Could someone help me to optimize this code, please?

Thanks
cyhsu

Hi cyhsu,

h3strs_all[begin:end] gives an error, because you can’t index a Delayed object. Dask doesn’t know the Delayed object is wrapping an array. When you first call compute on the Delayed object with h3strs_all0 = h3strs_all.compute(), it gets turned into a concrete array again, and you can index it. At first sight, there actually seems no need to delay h3strs_all.

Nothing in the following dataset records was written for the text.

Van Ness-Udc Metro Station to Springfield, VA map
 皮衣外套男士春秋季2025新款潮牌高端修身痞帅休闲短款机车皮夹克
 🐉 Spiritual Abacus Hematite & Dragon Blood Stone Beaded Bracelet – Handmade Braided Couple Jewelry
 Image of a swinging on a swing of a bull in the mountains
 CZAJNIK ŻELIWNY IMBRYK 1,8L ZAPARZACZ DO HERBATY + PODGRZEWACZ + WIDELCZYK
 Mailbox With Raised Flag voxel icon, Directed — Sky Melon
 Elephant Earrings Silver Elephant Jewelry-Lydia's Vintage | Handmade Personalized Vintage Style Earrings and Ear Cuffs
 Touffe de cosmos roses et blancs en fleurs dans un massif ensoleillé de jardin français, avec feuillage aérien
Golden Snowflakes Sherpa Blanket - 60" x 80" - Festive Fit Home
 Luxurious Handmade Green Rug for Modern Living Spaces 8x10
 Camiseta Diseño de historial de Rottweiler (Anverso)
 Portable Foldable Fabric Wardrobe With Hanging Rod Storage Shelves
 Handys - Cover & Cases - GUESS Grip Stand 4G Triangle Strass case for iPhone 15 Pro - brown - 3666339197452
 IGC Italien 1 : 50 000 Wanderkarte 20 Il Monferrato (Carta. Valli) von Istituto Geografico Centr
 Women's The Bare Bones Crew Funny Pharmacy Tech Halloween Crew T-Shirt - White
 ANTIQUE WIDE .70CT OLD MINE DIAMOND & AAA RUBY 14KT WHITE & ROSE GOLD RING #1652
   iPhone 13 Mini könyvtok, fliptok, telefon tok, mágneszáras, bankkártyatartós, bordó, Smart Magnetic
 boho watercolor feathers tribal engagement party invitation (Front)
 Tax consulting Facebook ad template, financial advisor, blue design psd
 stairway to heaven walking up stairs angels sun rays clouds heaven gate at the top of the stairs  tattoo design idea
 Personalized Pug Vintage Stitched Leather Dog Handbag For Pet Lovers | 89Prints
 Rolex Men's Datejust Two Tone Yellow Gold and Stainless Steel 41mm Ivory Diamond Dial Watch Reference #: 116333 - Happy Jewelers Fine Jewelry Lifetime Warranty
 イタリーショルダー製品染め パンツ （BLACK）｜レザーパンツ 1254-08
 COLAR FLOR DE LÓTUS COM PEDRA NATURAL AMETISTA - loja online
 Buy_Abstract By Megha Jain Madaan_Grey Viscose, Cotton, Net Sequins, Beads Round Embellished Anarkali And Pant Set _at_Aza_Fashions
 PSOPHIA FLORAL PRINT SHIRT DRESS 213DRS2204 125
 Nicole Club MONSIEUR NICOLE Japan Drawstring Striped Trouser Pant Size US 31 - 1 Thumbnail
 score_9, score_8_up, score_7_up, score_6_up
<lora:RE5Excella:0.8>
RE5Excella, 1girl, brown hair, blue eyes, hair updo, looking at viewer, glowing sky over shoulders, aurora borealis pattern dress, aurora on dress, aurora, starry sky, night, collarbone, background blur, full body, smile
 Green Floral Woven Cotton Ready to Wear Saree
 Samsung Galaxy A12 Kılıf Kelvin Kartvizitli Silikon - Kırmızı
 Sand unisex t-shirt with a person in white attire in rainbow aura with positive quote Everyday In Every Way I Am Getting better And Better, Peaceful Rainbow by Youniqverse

What do you mean when you say “The CPU usage is reaching up to 100%, which is way slower than If I don’t use function to run it”? It sounds good that your CPU usage is high, that means you’re parallellization is probably working and you are using all available CPU power. Is your total runtime slower when you use Dask Delayed?

Hi @MaximLippeveld

Yes, you are correct. The total run time is way slower than using for loop directly. That is why I am struggling with this. If I use for loop, it takes around 3 mins and a half, but if I use delayed function, it takes over 20 minutes.

How is hexagons_all computed? I’m not sure, but you might need to call persist on it so that it does not get recomputed for each loop.

With respect to how you use h3strs_all in your second block of code, the documentation states this

Delayed objects cannot be used for control flow, meaning that no Delayed can appear in a loop or if statement.

You can use indexing on a delayed object in the body of a for loop. So you can solve the problem by reformatting your list comprehension as a for loop.

for i in range(r):
  begin = int(i*size/r)
  end = int((i+1)*size/r)
  neighbors.append([
    delayed(search_neighbors)(hexagons_all, delayed(h3str))
    for h3str in h3strs_all[begin:end]
  ])

You could write this:

for i in range(r):
  begin = int(i*size/r)
  end = int((i+1)*size/r)
  neighbors_nested = []
  for j in range(begin, end):
    neighbors_nested.append(delayed(search_neighbors)(hexagons_all, delayed(h3str_all[j])))
  neighbors.append(neighbors_nested)

This is untested so I’m not entirely sure this will work.

Also, I assume here

neighbors = compute(*neighbors)

compute is dask.compute?

Hi @MaximLippeveld

For the issues you addressed…

  1. hexagons_all is the output of pandas. I put additional delayed on it because of the example.

  2. I have tried similar thing like

for i in range(r):
  begin = int(i*size/r)
  end = int((i+1)*size/r)
  neighbors_nested = []
  for j in range(begin, end):
    neighbors_nested.append(delayed(search_neighbors)(hexagons_all, delayed(h3str_all[j])))
  neighbors.append(neighbors_nested)

since it uses a loop for indexing, it will take a coupled of minutes to complete the task. Also, the overall computing speed is not in-efficiency as well.

  1. Yes, you are right. The compute is dask.compute.